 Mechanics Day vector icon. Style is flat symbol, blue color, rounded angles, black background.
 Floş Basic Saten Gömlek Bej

• • •

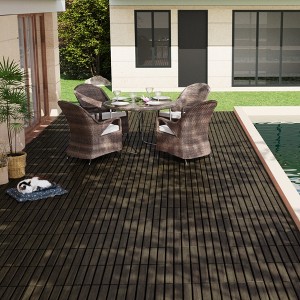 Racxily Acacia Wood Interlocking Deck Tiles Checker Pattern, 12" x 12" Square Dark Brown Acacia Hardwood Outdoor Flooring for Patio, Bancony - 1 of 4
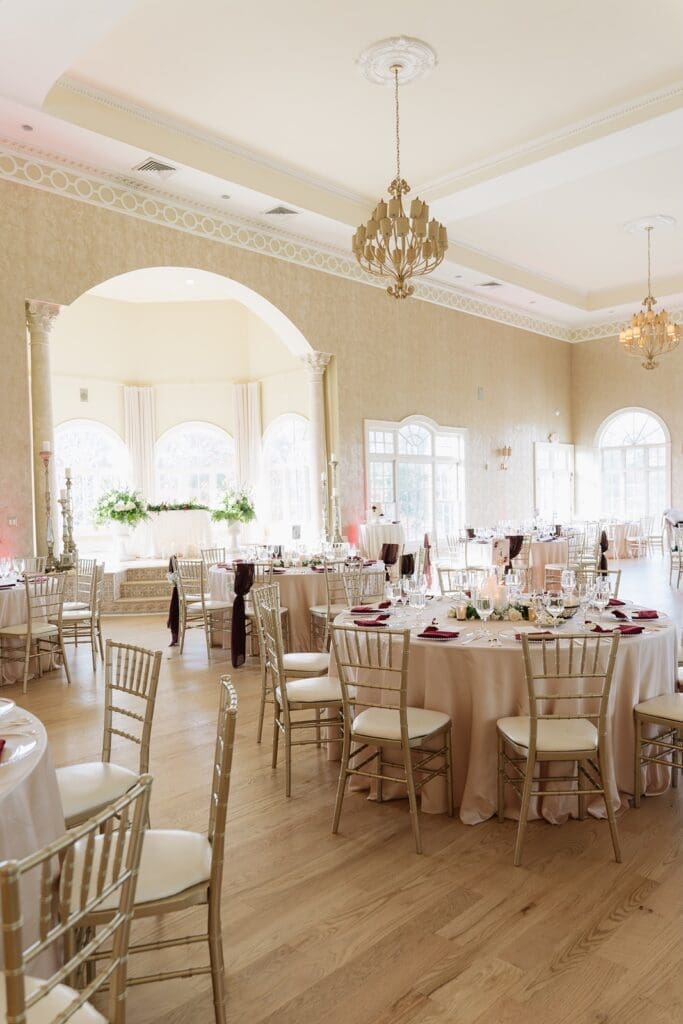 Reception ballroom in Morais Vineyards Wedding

• • •

__Problem requirements__
Working from the entries above, please transcribe only the lines from the line with "Racxily Acacia Wood" through the line with "Reception ballroom in", exactly, with both end lines and without pictures.

__Task answer__
 Racxily Acacia Wood Interlocking Deck Tiles Checker Pattern, 12" x 12" Square Dark Brown Acacia Hardwood Outdoor Flooring for Patio, Bancony - 1 of 4
 Reception ballroom in Morais Vineyards Wedding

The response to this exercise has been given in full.